Instrumentation and Control Engineer in Turkey: FAQs

  • How much does an instrumentation and control engineer make per month in Turkey?

    An instrumentation and control engineer in Turkey earns about 6,690 TRY a month before tax, based on an annual average of 80,280 TRY.

  • What's the salary range for an instrumentation and control engineer in Turkey?

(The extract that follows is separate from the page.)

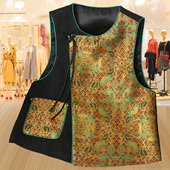 春秋款 口袋设计感圆领坎肩妈妈马夹外套 复古盘扣图腾花马甲新中式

    Entry-level instrumentation and control engineers in Turkey start near 45,060 TRY. Top-end pay reaches around 124,400 TRY. The middle 50% of earners sit between 53,160 and 96,220 TRY.

  • Is the median instrumentation and control engineer salary in Turkey higher or lower than the average?

    The median is 78,960 TRY, lower than the average of 80,280 TRY. Half of instrumentation and control engineers in Turkey earn below the median, half earn above it.

  • What's the gender pay gap for instrumentation and control engineers in Turkey?

    Men working as an instrumentation and control engineer in Turkey earn around 15% more than women on average (85,440 vs 74,560 TRY a year).

  • Do instrumentation and control engineers in Turkey get bonuses?

    About 51% of instrumentation and control engineers in Turkey reported a bonus in the past 12 months. Reported bonuses ranged from 3% to 5% of base salary.

  • Do instrumentation and control engineers earn more in the public or private sector in Turkey?

    In Turkey, the public sector pays an instrumentation and control engineer about 6% more on average. Public-sector pay tends to be steadier; private-sector pay tends to offer bigger upside.

  • How often do instrumentation and control engineers in Turkey get a pay raise?

    An instrumentation and control engineer in Turkey sees a raise of around 11% every 18 months, equivalent to roughly 7% a year.